Source material -
* * *
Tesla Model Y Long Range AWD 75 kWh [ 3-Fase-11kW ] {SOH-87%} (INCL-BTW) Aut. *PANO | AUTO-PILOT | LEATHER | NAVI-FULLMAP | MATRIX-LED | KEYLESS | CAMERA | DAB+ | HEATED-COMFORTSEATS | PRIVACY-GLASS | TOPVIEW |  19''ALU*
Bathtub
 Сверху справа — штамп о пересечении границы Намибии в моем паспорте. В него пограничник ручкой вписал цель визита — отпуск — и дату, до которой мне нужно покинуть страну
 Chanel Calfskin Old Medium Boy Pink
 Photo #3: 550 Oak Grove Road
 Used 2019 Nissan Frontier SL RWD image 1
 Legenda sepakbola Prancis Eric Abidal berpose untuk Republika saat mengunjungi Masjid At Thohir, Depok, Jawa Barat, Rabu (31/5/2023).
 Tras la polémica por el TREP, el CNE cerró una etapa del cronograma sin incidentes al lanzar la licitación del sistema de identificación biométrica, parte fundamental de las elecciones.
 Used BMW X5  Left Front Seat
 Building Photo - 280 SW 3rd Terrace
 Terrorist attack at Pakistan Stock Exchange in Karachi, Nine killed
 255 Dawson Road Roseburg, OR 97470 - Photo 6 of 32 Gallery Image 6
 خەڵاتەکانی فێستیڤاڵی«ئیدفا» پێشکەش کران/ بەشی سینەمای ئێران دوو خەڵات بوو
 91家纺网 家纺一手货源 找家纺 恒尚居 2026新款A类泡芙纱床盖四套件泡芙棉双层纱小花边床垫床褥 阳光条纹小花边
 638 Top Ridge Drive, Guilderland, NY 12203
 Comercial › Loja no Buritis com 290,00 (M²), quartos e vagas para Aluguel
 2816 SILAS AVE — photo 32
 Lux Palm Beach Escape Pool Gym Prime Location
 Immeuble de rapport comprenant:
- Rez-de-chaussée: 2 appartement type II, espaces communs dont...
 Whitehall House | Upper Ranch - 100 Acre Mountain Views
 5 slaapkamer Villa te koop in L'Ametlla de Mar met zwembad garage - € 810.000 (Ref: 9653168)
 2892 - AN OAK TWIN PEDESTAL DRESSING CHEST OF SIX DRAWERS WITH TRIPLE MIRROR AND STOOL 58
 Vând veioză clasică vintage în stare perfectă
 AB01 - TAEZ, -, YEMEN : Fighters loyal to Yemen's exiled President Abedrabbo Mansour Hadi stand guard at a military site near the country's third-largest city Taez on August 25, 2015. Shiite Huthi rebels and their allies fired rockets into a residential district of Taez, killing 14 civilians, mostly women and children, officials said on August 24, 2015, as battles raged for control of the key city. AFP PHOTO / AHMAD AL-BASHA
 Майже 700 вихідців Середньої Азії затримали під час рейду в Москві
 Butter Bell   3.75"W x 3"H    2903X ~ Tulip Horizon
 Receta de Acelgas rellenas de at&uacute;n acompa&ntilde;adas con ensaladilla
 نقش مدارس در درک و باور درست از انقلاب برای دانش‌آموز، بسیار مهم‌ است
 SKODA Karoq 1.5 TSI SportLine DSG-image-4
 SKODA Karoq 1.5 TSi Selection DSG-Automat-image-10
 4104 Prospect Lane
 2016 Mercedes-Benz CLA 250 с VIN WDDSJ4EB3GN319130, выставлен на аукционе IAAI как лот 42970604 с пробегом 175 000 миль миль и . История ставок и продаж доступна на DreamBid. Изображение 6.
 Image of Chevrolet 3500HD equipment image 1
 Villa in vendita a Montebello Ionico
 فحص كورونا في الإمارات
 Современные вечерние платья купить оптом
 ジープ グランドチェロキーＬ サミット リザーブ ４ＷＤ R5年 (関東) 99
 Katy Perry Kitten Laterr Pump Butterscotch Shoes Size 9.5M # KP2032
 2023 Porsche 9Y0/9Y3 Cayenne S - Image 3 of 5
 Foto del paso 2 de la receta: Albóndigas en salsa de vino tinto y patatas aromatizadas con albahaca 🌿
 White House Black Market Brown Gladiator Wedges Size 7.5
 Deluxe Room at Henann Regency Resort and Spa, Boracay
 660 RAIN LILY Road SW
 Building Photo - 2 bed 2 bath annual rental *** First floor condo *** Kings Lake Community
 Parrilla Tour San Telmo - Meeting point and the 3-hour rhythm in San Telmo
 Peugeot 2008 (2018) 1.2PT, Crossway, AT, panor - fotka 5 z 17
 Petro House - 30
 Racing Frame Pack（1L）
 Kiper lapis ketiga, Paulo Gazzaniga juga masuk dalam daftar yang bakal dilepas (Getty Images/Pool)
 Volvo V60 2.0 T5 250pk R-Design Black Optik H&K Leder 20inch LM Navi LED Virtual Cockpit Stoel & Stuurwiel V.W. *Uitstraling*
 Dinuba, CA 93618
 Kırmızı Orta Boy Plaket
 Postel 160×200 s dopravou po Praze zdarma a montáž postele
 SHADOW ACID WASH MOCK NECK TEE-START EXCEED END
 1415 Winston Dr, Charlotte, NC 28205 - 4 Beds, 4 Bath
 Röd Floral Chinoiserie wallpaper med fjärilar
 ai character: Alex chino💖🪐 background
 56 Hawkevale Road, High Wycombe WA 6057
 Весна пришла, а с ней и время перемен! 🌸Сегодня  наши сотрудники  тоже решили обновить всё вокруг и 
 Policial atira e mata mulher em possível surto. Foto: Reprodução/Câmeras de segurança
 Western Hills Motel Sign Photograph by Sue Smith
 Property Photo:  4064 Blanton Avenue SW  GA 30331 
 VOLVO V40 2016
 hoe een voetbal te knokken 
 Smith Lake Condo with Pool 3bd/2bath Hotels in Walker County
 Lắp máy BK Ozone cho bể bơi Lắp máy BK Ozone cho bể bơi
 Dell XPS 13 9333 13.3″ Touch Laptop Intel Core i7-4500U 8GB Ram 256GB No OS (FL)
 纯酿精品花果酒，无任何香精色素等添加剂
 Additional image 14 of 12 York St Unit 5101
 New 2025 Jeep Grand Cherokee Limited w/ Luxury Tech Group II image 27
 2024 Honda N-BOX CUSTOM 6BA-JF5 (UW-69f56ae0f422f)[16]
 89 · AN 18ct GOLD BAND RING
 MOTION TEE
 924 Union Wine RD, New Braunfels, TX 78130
* * *
Prompt -
Please give again the lines above between the line holding "91家纺网 家纺一手货源 找家纺" and the line holding "Whitehall House |", inclusive, exactly as they are and with nothing added.

Response to the exercise -
 91家纺网 家纺一手货源 找家纺 恒尚居 2026新款A类泡芙纱床盖四套件泡芙棉双层纱小花边床垫床褥 阳光条纹小花边
 638 Top Ridge Drive, Guilderland, NY 12203
 Comercial › Loja no Buritis com 290,00 (M²), quartos e vagas para Aluguel
 2816 SILAS AVE — photo 32
 Lux Palm Beach Escape Pool Gym Prime Location
 Immeuble de rapport comprenant:
- Rez-de-chaussée: 2 appartement type II, espaces communs dont...
 Whitehall House | Upper Ranch - 100 Acre Mountain Views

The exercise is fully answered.